Insomma, aziende ridotte ad essere da una parte meri stipendifici alimentati dal debito pubblico nazionale e dall’altra utile sistema adulterato/drogato per tenere in vita imprese fornitrici che ne hanno fatto il loro unico bacino di alimentazione. Peraltro, lo stipendificio, farcito di nullafacenti autorizzati (me compreso ovviamente), ha determinato il paradosso di aziende inefficienti dal punto di vista organizzativo che, proprio per la presenza di organici gonfiati all’inverosimile, non ha prodotto un servizio di alta qualità, come era lecito attendersi. Anzi, la pletora di personale ha determinato una disgregante deresponsabilizzazione che ora, nel momento della crisi, si manifesta in tutta la sua clamorosa caoticità.
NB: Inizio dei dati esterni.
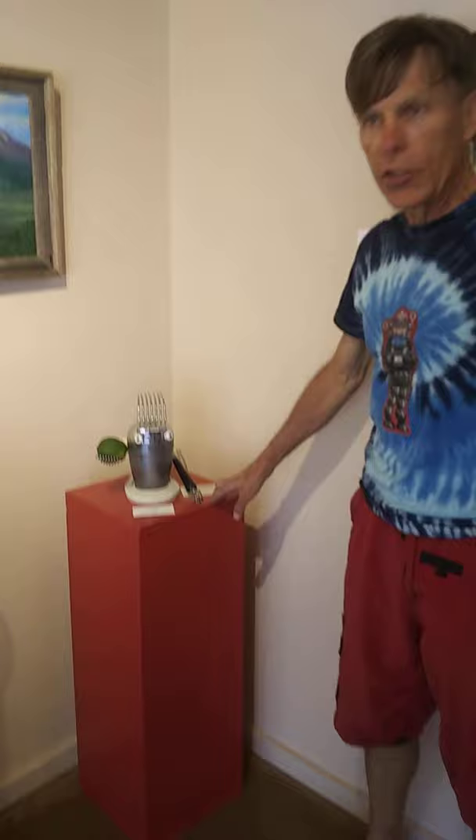That one right here, called the Juice King, actually uses a functioning 1940s juicer — sort of the Cadillac of juicers back then.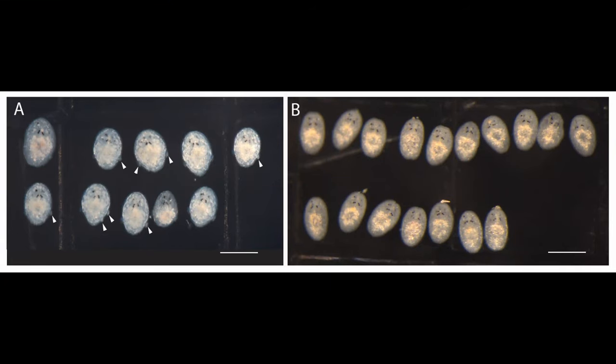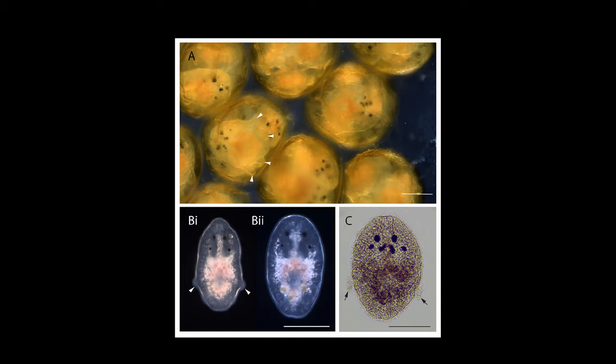Acropora-eating flatworms are never a nice surprise to find amongst the branches of your Acropora corals. These tiny little brown flatworms leave characteristic round bite marks in the flesh of the Acropora that they're feeding on, and they also leave tiny little egg clusters around the base of those same corals.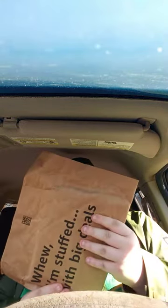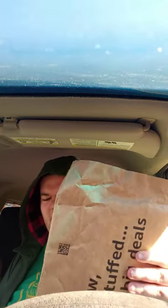Okay guys, so we got two packages — one from Amazon and one from Entertainment Earth. I'm going to open up this one and see what we got.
Stupisce, poi, che proprio alcuni di quelli maggiormente coinvolti nel sistema consociativo formatosi fra aziende di TPL ed imprese fornitrici, siano oggi, colpiti da improvvisa redenzione, fra i più tenaci e strenui sostenitori della campagna di petizione pubblica. Sembra quasi, ma ci si potrebbe sbagliare, che in loro alberghi più la nostalgia per un passato dorato svanito improvvisamente che un reale amore per aziende dal nobile passato, ora sinistramente decadute. Insomma, sembra prevalere la difesa di interessi individuali più che la salvaguardia di un bene comune.
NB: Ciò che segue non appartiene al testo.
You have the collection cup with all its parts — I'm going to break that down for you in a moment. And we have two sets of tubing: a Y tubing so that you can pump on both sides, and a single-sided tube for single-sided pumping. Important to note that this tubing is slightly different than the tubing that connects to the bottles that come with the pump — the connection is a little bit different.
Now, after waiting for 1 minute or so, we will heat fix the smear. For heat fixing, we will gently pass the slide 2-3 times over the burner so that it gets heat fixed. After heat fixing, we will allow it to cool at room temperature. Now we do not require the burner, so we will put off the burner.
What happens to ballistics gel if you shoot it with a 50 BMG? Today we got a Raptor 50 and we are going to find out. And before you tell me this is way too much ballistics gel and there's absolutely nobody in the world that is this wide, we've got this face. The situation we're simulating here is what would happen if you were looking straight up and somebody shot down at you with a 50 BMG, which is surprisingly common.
Peraltro, tra i clienti il clima è di disaffezione generale, anzi serpeggia una sorta odio di classe. Da una parte gli iperprivilegiati (noi) e dall’altra intere schiere di defraudati di ogni diritto (i viaggiatori), costretti ad usare per meri motivi economici un servizio che poco conserva di umano. La totale assenza di una seria e costante politica di comunicazione esterna, che avrebbe dovuto essere praticata da tutti i sindacati, ha creato una irrimediabile spaccatura fra clienti e lavoratori del TPL, anche se entrambe le parti teoricamente dovrebbero essere dallo stesso lato della barricata. La terribile realtà è, invece, che i cittadini, che sono in definitiva i veri azionisti di queste aziende, si sentono lontanissimi dai problemi dei lavoratori che, peraltro, essi vedono giustamente come abitanti di un altro pianeta finora dorato e spensierato.
Ecco perché valuto inutile il tentativo di coinvolgerli così tardivamente in una campagna che vedrebbe i cittadini/clienti solo strumentalizzati. Temo, peraltro, che la petizione, partita con vigorosi strombazzamenti, possa rivelarsi addirittura un péto (emissione, più o meno rumorosa, di gas intestinali attraverso l’orifizio anale), magari anchefragoroso e di assoluta risonanza mediatica, ma di scarsa utilità pratica. La situazione richiede decisioni serie e traumatiche, altro che raccolte firme. Se bastasse una bella petizione a salvare la Circum,  si potrebbe firmarla un milione di volte: bastasse già, bastasse già.